What I Ate: Munich and Bonn
I had a terrible time finding restaurants on this trip. But unless I’m feeling frisky for meat-centered meals (unlikely), I usually target vegetarian restaurants in many European countries.
Spinach sorrel crepes. Prinz Myshkin, Munich. RL Fifield 2012.
Viewing shopfronts on a walk down the street, one would think Germans eat nothing but pastry, coffee, and beer. The Christmas Market in Bonn was swinging with vendors of sausage and baked goods. My little hotel was in a residential neighborhood (always interesting to get out of tourist districts) but there were few restaurants nearby.
Breakfast in Bonn at Hotel Jacobs. Fruit, granola, yogurt, about 15 kinds of jam and 50 kinds of lunchmeat, smoked salmon, cheese, etc. RL Fifield, 2012.

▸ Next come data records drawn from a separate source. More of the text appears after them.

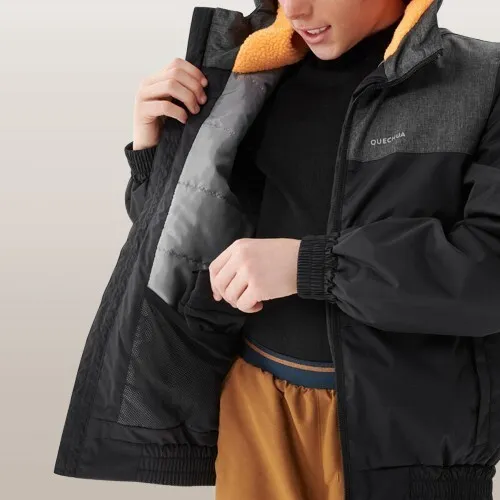 VESTE HIVER CHAUDE ET IMPERMÉABLE DE RANDONNÉE - SH100 -3,5 C - ENFANT decathlon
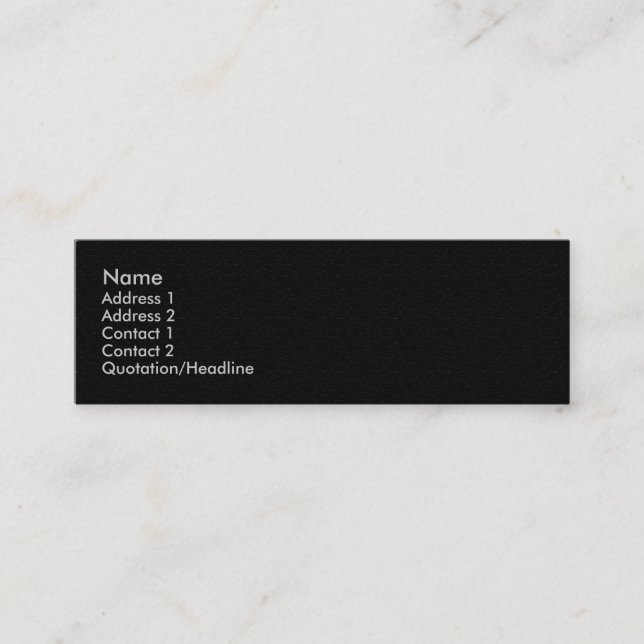 Tarjeta de perfil de arenisca gris oscuro (Anverso)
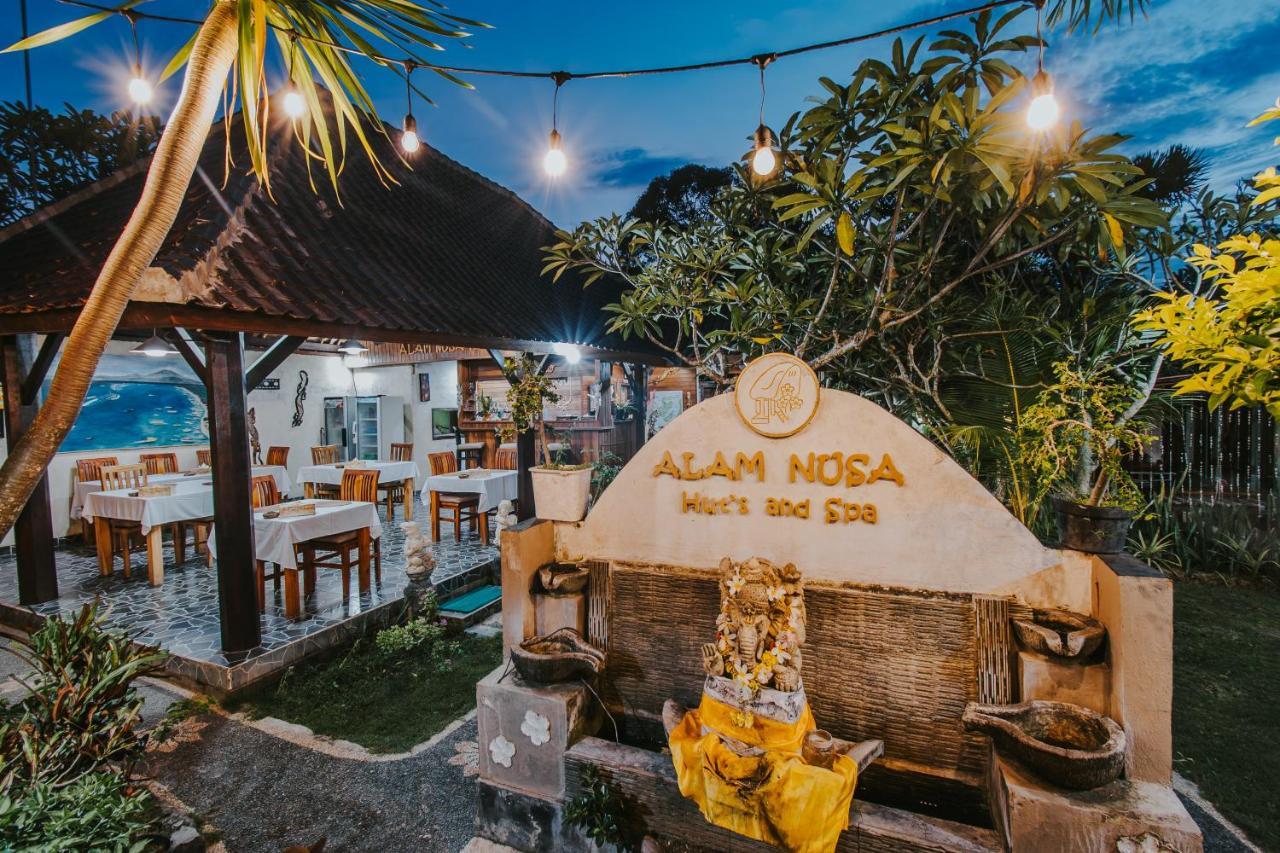 Alam Nusa Bungalow Huts & Spa Nusa Lembongan Dış mekan fotoğraf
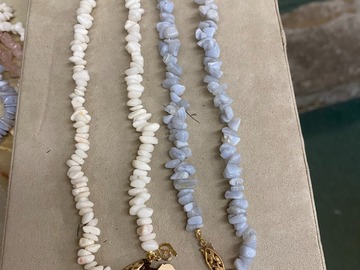 Bulk Lots: 25 pc-Gemstone Nugget Necklaces-14KT Gold Clasps-$5 ea
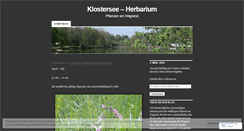 Desktop Screenshot of klosterseeherbarium.wordpress.com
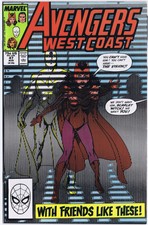 AVENGERS WEST COAST # 47 US Comic 1989 John B...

The hotel desk directed me to an intersection in neighborhood roads about .25 mile away, where among houses stood German, Spanish, and Italian restaurants. A lot of German places close between lunch and dinner, not opening before 6pm, which was wearying to this jet-lagged traveler who had to get up at 3am the next morning. I chose the Spanish restaurant and got gritty croquetas, 5 rings of calamari, and a salt lick masquerading as a tortilla with spinach. Whoops. I don’t like to spend my money on things when I travel, but on experiences. I flunked this one.
Sad Spanish supper in Bonn, at a place that will remain nameless, but oddly, almost all the tables were reserved on a Thursday night. RL Fifield, 2012.
I don’t usually eat pastry, but seeing it everywhere in Germany, I was worn down by all the delicious smells. In New England, there is a Dunkin Donuts every 3 miles. In Germany, there seems to be a bakery every 30 feet (or whatever in meters). Mind over matter. If you don’t mind, it doesn’t matter. And now for some fun in the Rewe grocery store:
I love going to the grocery store and seeing the Ja! brand. It might as well be called the LOL brand. I did not eat this. RL Fifield, 2012.